Dass die Bundesregierung nach Kriegsbeginn, inmitten der Sorgen und Unsicherheit um unsere Energieversorgung, eine schnelle, tragbare Lösung wollte, ist verständlich. Kein Regierungsvertreter will sich vorwerfen lassen, am Ende zu wenig getan zu haben. Nur: fast drei Jahre später ist die Situation anders, der Markt hat sich stabilisiert. Der Bedarf an LNG kann also jetzt neu eruiert werden.
“Und dieser Bedarf ist eben nicht, vier LNG-Tanker zu betreiben und weiterhin auf Erdgas zu setzen, meint Zerger. “Unsere Forderung ist es, dass die Projekte auf den Prüfstand kommen. Wir sollten uns fragen, ob sie wirklich notwendig sind und was klimapolitisch überhaupt noch verträglich ist.”
Sind die Terminals am Ende sogar gut fürs Klima?
Doch aus Sicht der Bundesregierung sind die LNG-Terminals gar kein Hindernis für Klimaschutz und Energiewende - im Gegenteil. Die Terminals sowie die sonstige errichtete Infrastruktur "sollen langfristig der Anlandung von Wasserstoff einschließlich dessen Derivate dienen", sagt Stephan Gabriel Haufe, Sprecher des Bundeswirtschaftsministeriums, zu FOCUS online Earth. "Die Standorte leisten damit in der Zukunft einen wichtigen Beitrag zur Versorgung Deutschlands und Europas mit grüner Energie und ihre Errichtung ist somit als doppelte Investition anzusehen: für die kurzfristige und mittelfristige Gasversorgung und die langfristige Wasserstoffversorgung."
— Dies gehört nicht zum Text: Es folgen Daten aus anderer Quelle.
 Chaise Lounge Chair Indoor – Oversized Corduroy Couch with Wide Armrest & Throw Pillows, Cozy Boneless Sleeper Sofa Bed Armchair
Der Bau der Terminals mache die Erreichung der deutschen CO2-Ziele daher sogar wahrscheinlicher, argumentiert der Sprecher. Das wäre auch nötig: Denn bereits 2045 will Deutschland klimaneutral sein, also bereits in 20 Jahren. Dann muss mit Gas endgültig Schluss sein - egal, ob es vom Schiff oder aus der Pipeline kommt.